Scraping the Web with Power Query

Last year I entered the PowerBI video demo contest. Whilst I didn’t win any prizes I did learn a fair bit from going through the exercise of putting together a screencast demo (more on that another time). In this post I’m going to walk-through the web scraping part of my demo.

The website that I choose to use for my demo was the National UFO Reporting Center (more for novelty sake then any serious interest). Below you can see the listing by shape of craft (www.nuforc.org/webreports/ndxshape.html).

1-index-by-shape

If I click on one of these links then details on each individual sighting is listed

2-sample-details

The overall goal is to have all of the individual sightings retrieved from each individual page and stored into a Power Pivot table.

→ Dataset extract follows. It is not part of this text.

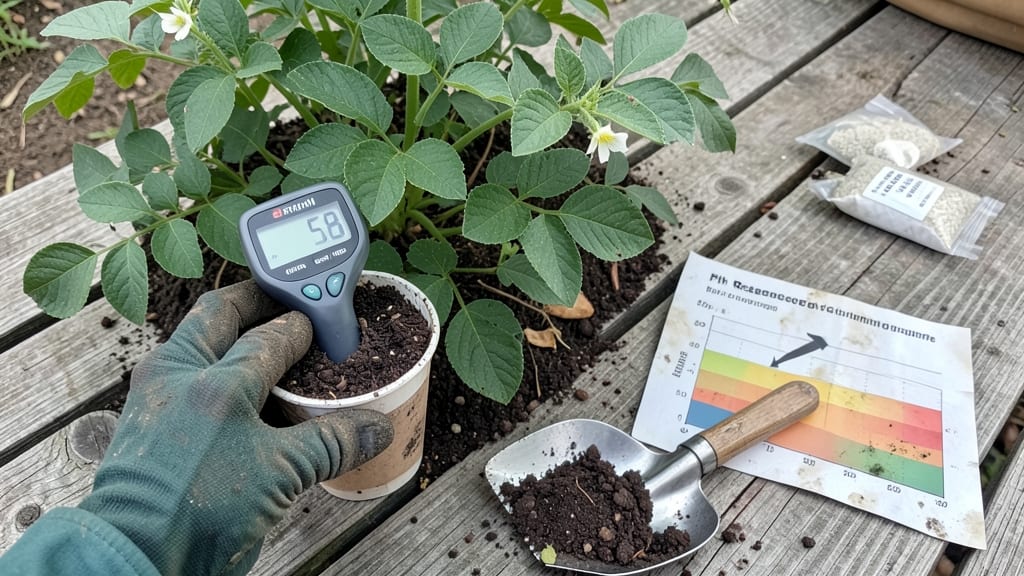 Soil PH for Potatoes: Ideal Range and Amendments for Maximum Yield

One thing which makes the exercise of scraping this site easy is that the index page links to each of the individual pages in a consistent manor:

http://www.nuforc.org/webreports/ndxs{SHAPE NAME HERE}.html

This means the process of scraping will follow these steps:

  1. Retrieve the list of shapes from the index page and store these
  2. Loop through each of the shapes from step 1:
    1. Dynamically generate the URI based on the shape name
    2. Retrieve the table of sightings

Retrieving the Shape index table

From Excel select the Power Query tab, then click the From Web button.

2a-from-web

This will bring up a dialog asking for the URL to the webpage, enter the URL for the shape index: http://www.nuforc.org/webreports/ndxshape.html

Doing this used to take you directly into the Power Query editor, but now there is an extra step. In the right-hand side of Excel you will see a Navigator appear:

3-navigator

This is showing all the different elements that Power Query discovered on the web page, Table 0 contains a list of all the shapes, which you can see in the preview when you hover your mouse over it. Click Table 0 then click Edit to bring up the Query Editor.

At this point all I did was a few clean up tasks:

  • Removed the Count column
  • Renamed “Reports” to “Shape”
  • Renamed the Query to “Shape List”

I also un-ticked “Load to Worksheet”, as you will see why shortly.

4-query-editor-shape-list

Retrieving individual sightings

The next step is to parse the individual sighting pages, I’ll do this in two steps. In the first step I’ll just take one of the sighting pages and using it perform any transformations or clean up tasks, then in the second step I will show you how to turn this into a formula which will take a shape name, which will be used to dynamically generate a URL for retrieval, this formula will then be used in the next section.

For my example I will be using the Cone shaped sightings (www.nuforc.org/webreports/ndxsCone.html).

Once again use the From Web button and enter the above URL, then in the navigator select Table 0 and then click Edit to open the Query Editor.

I performed the following clean up tasks:

  • Removed “Posted” and “Shape” columns
  • Used the Split Column transform on the “Date / Time” (delimited by Space, at the left most)
  • Renamed the new columns to “Date” and “Time”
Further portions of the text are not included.